Material supplied:
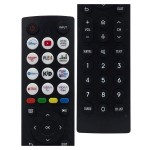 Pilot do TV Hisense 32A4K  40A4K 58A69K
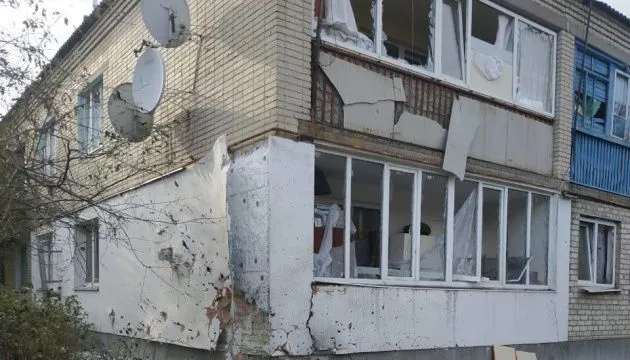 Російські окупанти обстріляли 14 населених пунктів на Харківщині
* * *
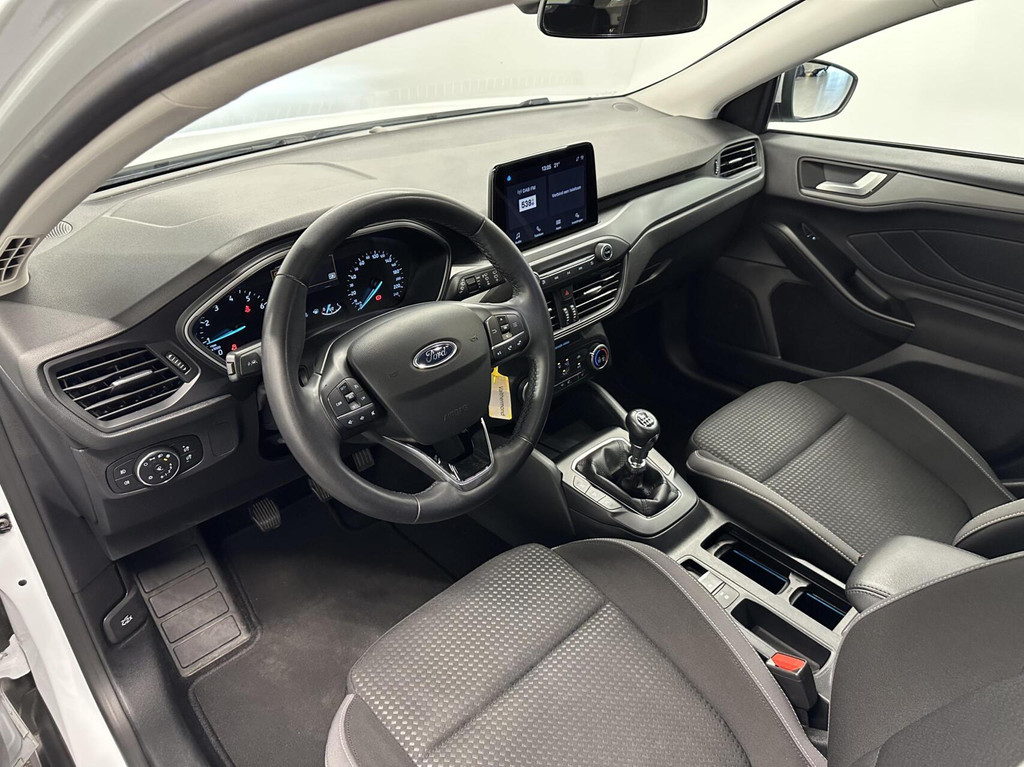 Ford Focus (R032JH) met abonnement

What the exercise asks: Write back the stretch of lines above that begins with the line holding "Pilot do TV" and ends with the line holding "Російські окупанти обстріляли", both included, exactly as written. Pictures stay out.

Answer section:
 Pilot do TV Hisense 32A4K  40A4K 58A69K
 Російські окупанти обстріляли 14 населених пунктів на Харківщині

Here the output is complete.